白い砂底にゆらゆらと自分の影が映っている。自分のフォームをチェックした。
やどかりの群れが動いている。
20センチぐらいの魚も泳いでいた。
ヒトデもいる。
海で泳ぐのがこんなに楽しいとは。
およそ1.5キロ泳いだ。
1時間ほど泳いだあと撤収し、クルマで北上。
半端じゃない絶景。厳しさと豊かさがいっしょにある。ただ道はかなり狭く、わりと交通量もあるので、すれ違いがたいへんだ。オートバイならば、もっと楽しかっただろう。
たいした距離でもないのに、輪島まで3時間ぐらいかかった。この短い区間に、ふたりの芥川賞作家が舞台に選んだ地が二ヶ所もある。ヤセの断崖と皆月。さて作品と作家は誰でしょう?
輪島の袖が浜キャンプ場に野営。
テント設営が終わったあと、夕方の海を泳いだ。増穂浦ほどではないが、ここも波は小さい。ただ遠浅ではなく、砂浜から十メートルも沖に進めば、海草が豊かに茂り、岩にはさまざまな海生動物が動くのを見ながら泳げる。
まるでスキューバダイビングのようだ。こんなスウィミングの楽しみもあるとは。
もっと沖に進もうと思っていると、背中がちくっときた。つづいて腕や足につぎつぎと、ちくっと来る。クラゲかと思ったが姿は見えない。
しかし、ちくちくはどんどん増える。
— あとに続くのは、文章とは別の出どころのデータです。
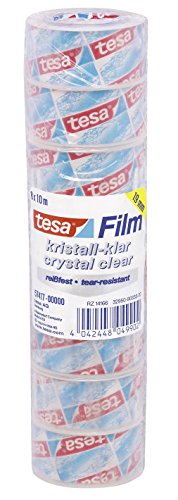 Tesa 57417-00000-01 Film C+C Shrink Film 8 x 10 m 19 mm Economy Pack Crystal Clear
体の変調かと思い、逃げ帰るように浜に全力泳した。
管理のおじさんに聞くと、
「そりゃエラやろねえ。お盆を過ぎると、能登じゃ、エラっちゅう目に見えんぐらいのクラゲがでるんよ」
ここでのスウィミングはあきらめた。
輪島の町へランニングで行き、スーパーで地元の魚「●●カレイ」を買った。今日は栄養をつけるために、豆腐、納豆、もずくなどの食材も買った。カレイは煮付けにした。
夜の星はやっぱりすごかった。小田原だって空気はきれいだ。なぜ能登の星空は圧倒的にすごいのだろう。海に突き出ているからだろうか。
すぐそばに温泉があったが、ちょっと高級旅館っぽく気がひけていると、娘が、
「きくだけきいてみようよ」
と、すたすたと入っていく。結果、入浴だけは無理だったが、感心した。
浜辺に野ざらしの水のシャワーがあったので、ふたりで、冷たい冷たいと大騒ぎしながら浴びた。
お父さん海に行こうよ、と娘は折りたたみイスをふたつ持ちだした。
波打ち際で星を見ながら、みかんの缶詰めを食った。